25 de junio de 2011

Si fuera griego, también protestaría

Al menos, eso opina Simon Jenkins, el extraordinario columnista de The Guardian en una reciente aportación editorial (aquí la encuentras).

Aquí algunos párrafos interesantes.

...I would not hesitate. I would take to the streets... Eurozone bankers have been lending the Greeks loads of money for years, knowing they could not repay and assuming Europe's taxpayers would come to the rescue...

...Closer European union, so called, was a bad idea for precisely the reason now seen on the streets of Athens. It was an attempt by a supranational economic authority to supersede national democracy. Bluntly, it assumed the commercial culture of "greater Germany" could be imposed on a wide variety of cultures by virtue of geographical propinquity. Countries with a high propensity to work and save would discipline those with a lower one. Banks would finance it all. It was fantasy born of utopia...

...Europe's paymasters can huff and puff, just as Greece's politicians can pledge and promise, but come the July meeting of the eurozone financiers, they will do what the politics of the moment demands, which is to keep the money flowing down Europe's arteries into Greece's bank balances. Europe will pay and Greece will again be off the hook...

..The Greek predicament is a system failure. Democracy works only where accountability bites, where taxing and spending within a given timeframe are related to voting for party representatives...
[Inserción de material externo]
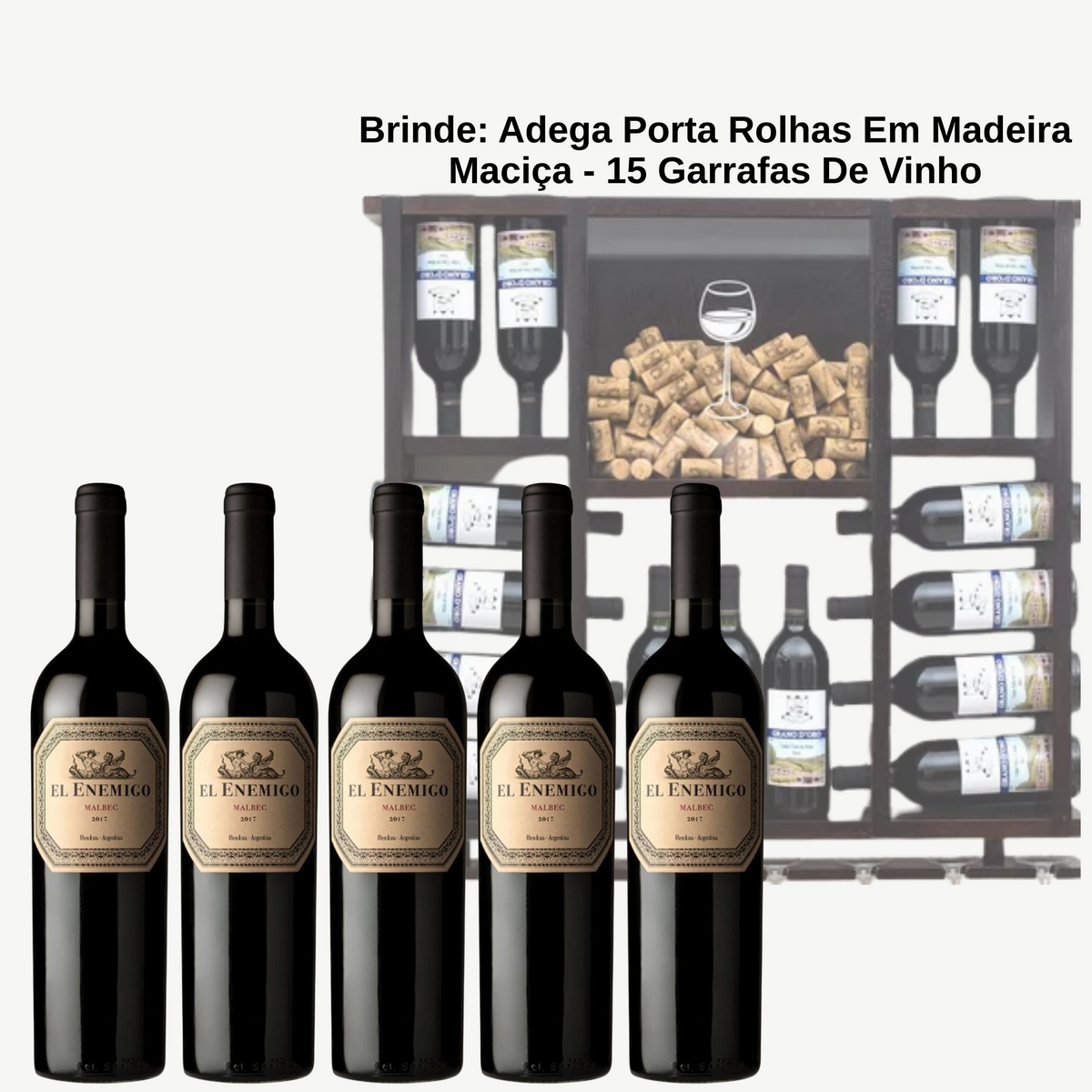 El Enemigo Malbec + BRINDE: Adega Porta Rolhas Em Madeira Maciça - Suporta 15 Garrafas De Vinho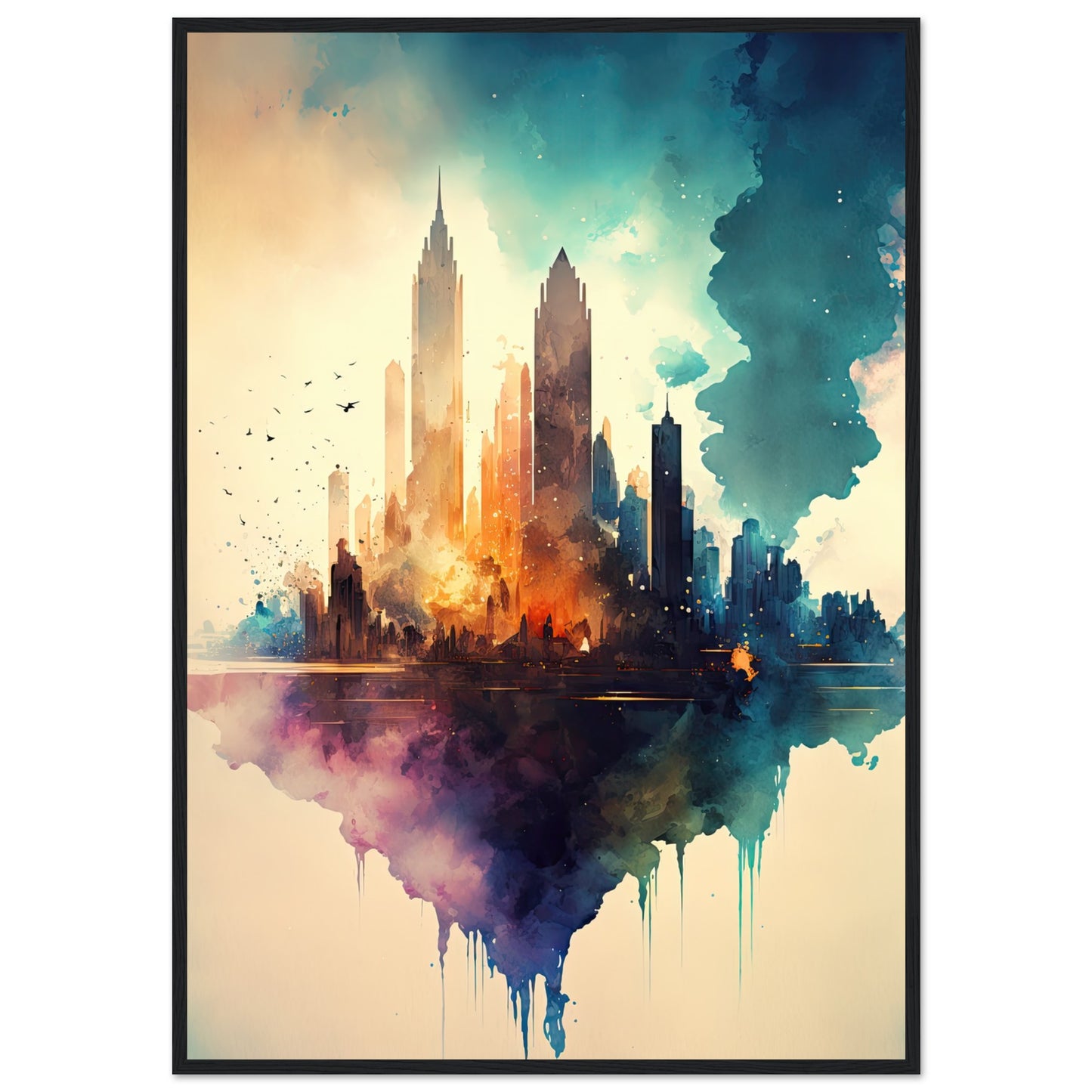Farbexplosion Skyline, Poster mit Holzrahmen - Stiersbeste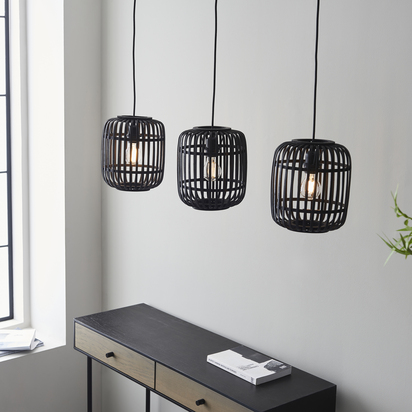 Bramton 3lt Linear Pendant Pendant light Dark bamboo & plywood with matt black paint
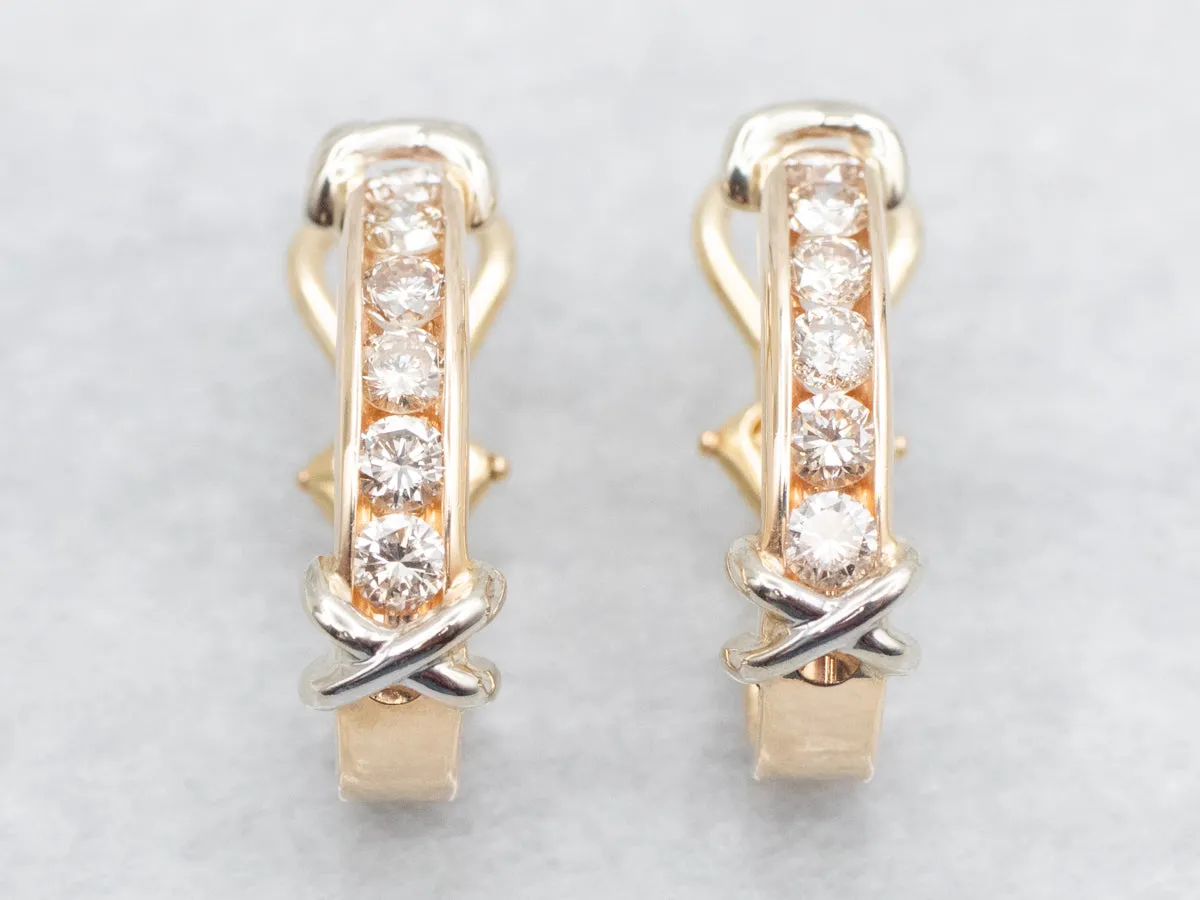 Modern Two Tone Gold Diamond Earrings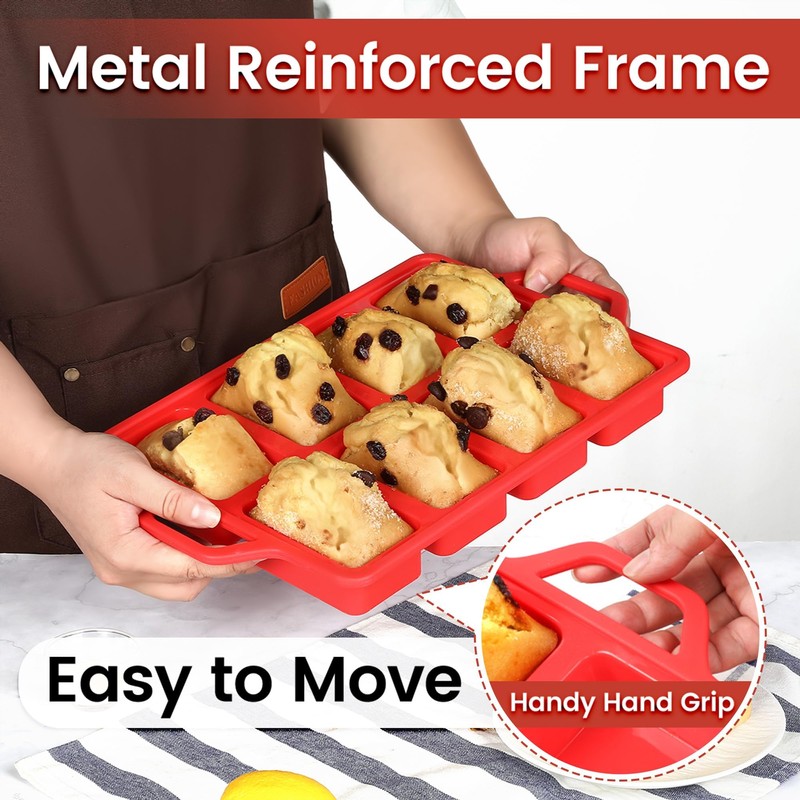 CAKETIME Mini Loaf Pans, Metal Reinforced Frame Silicone Mini Bread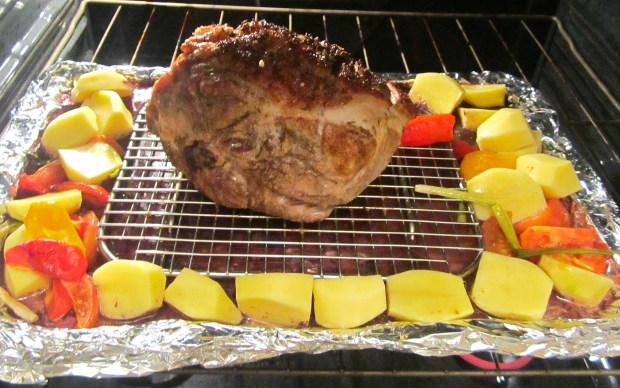 Add potatoes, cook for another hour or until potatoes are soft. Remove meat, cover lightly and let rest thirty minutes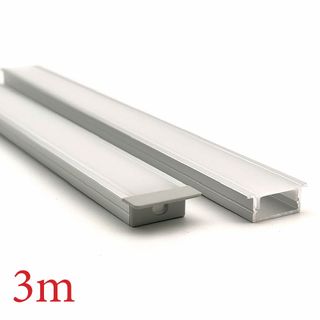 VCF020 Square Winged Aluminium Profile with Diffuser - 3m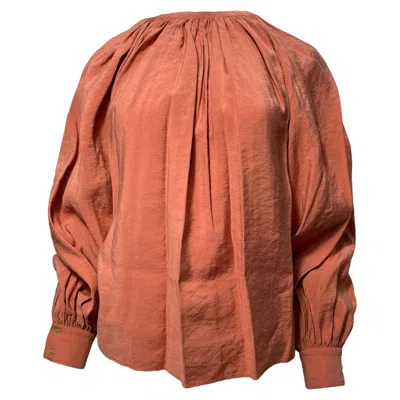 Ulla Johnson Puff Sleeve Blouse In Orange Cotton In Orange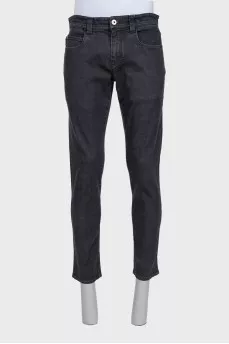 Men's dark gray tapered jeans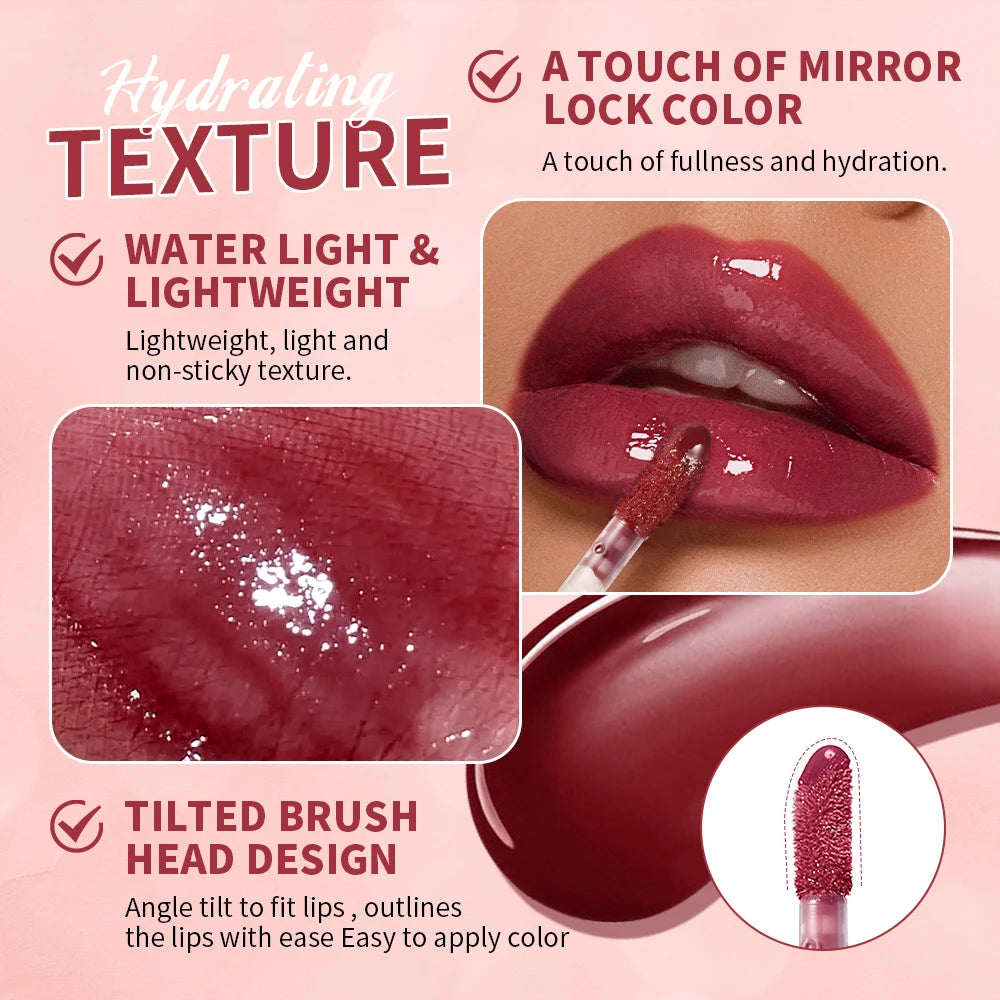 Lakerain Mirror Lip Glaze – Long-Lasting Hydrating Lip Gloss Lip Gloss Qst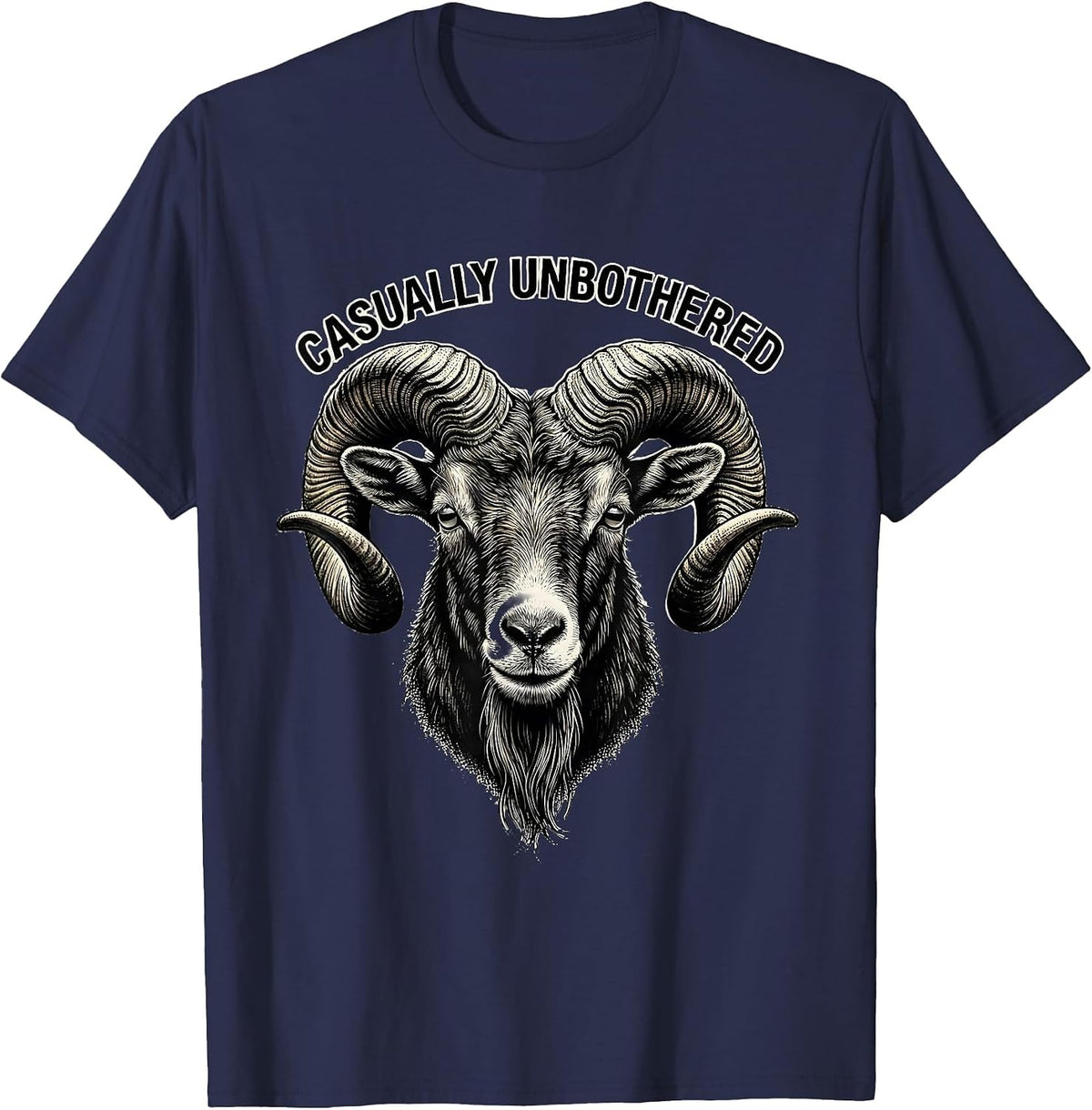 Casually Unbothered Blackwork Dotwork Goat Head Novelty T-Shirt - Navy Blue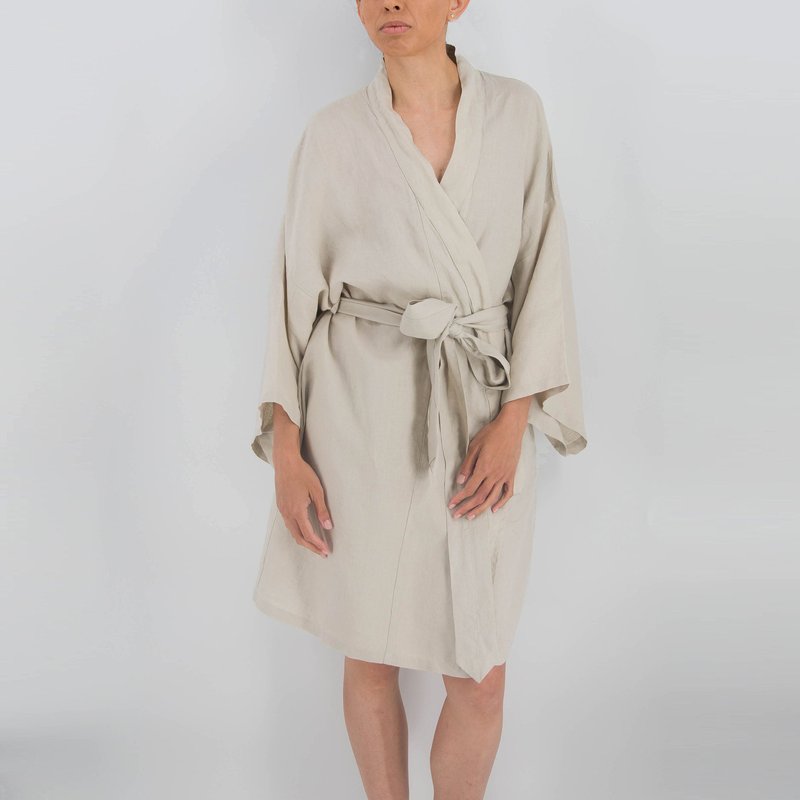 Sunday Morning Leia Mid-length French Linen Robe In White
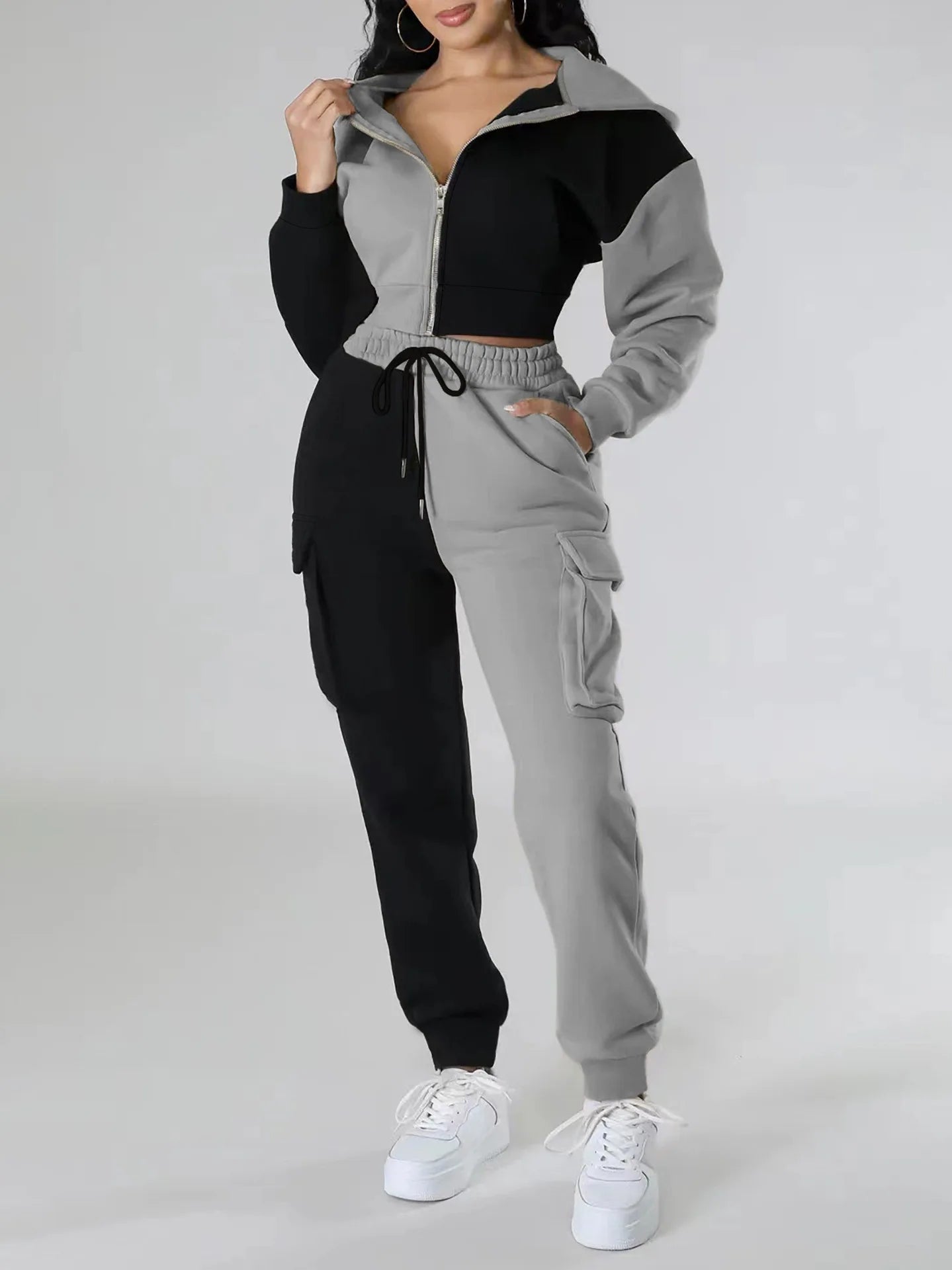Women Loose Autumn Winter Two Pieces Suit Matching Sets Hoodie Tracksuit Blocked Zipper Short Outerwear Drawstring Cargo Pants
...The EU has become so constitutionally flawed that few of its states dare put continued membership to referendum. The lesson is clear. Sovereign states with distinct political cultures should never surrender control over internal affairs to foreign agencies unless their people are amenable to such a loss of autonomy. Greeks eagerly joined the EU and the euro because they thought there was money in it. They were absolutely right. Why should anyone reject 30 years of such gift horses when others are paying?